Similarly, Mayor Bloomberg and Governor Pataki have been given power over access to New York's "Liberty Bonds," and inhabitants of lower Manhattan complain that the reconstruction allocations have favored wealthy businesses like Goldman Sachs and high campaign contributors, like Litvin's Glenwood Management Corp. Further, bonds for residential reconstruction favored wealthy neighborhoods like Tribeca and the Financial District, where median family incomes are $110,000, instead of building affordable housing in Chinatown and the Lower East Side, where incomes average $28,500.
As a reporter remarked, "The firemen and policemen, the first responders we saw on TV, where are they going to live?" The same question could be asked in New Orleans about the people who clean the hotels and man the restaurants and bars.
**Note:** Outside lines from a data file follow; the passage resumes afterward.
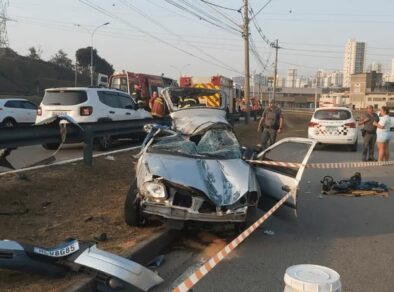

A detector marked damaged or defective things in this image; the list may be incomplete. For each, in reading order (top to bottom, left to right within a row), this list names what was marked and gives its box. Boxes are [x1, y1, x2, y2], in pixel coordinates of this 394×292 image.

shattered windshield [150, 129, 240, 159]
crumpled car hood [139, 153, 258, 205]
crumpled car hood [171, 108, 229, 136]
wrecked silver car [124, 88, 316, 229] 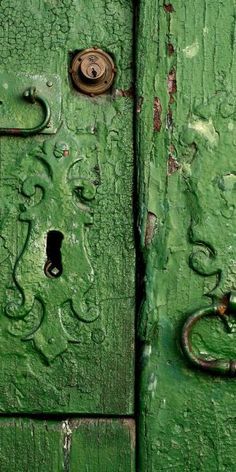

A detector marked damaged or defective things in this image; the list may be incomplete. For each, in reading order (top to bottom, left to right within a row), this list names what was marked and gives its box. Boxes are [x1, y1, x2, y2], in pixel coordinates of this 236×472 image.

rusty metal [69, 48, 115, 95]
rusty metal [182, 294, 236, 374] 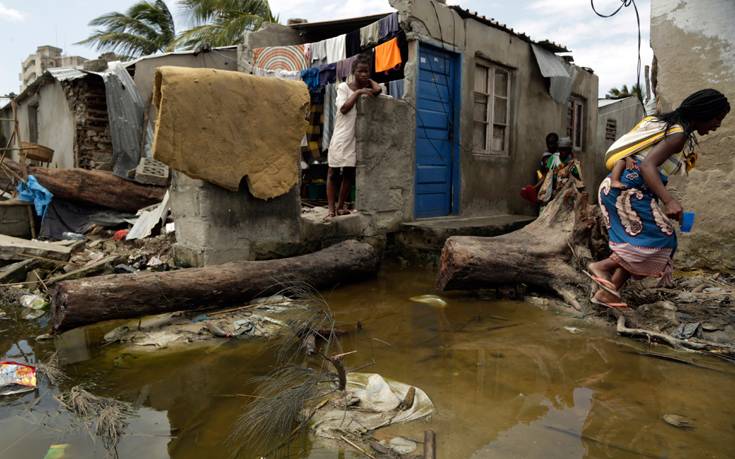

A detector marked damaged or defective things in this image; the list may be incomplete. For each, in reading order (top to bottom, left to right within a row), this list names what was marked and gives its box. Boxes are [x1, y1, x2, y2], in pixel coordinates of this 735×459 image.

rusted roof sheet [452, 5, 572, 53]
There is a pattern here. It's not a conspiracy, like Nero's fire in Rome, which drove out the poor so he could launch a reconstruction project that enabled a grander palace complex and townhouses for the Senatorial class; it's much broader than a conspiracy. It's part of the conservative worldview; the poor are only to blame for their own misfortune; government should help those who can help themselves; the wealthy are their "base," an attitude that is strikingly similar to that of the Senatorial class in fifth century Rome.
Click on Reconstruction to see how the selfish class works.
If that also means that New York and New Orleans become more Republican, or at least more conservative, that is so much the better. What happens to the people who are driven out? Not worth worrying about.
If this isn't class warfare, I'd like to know what class war looks like.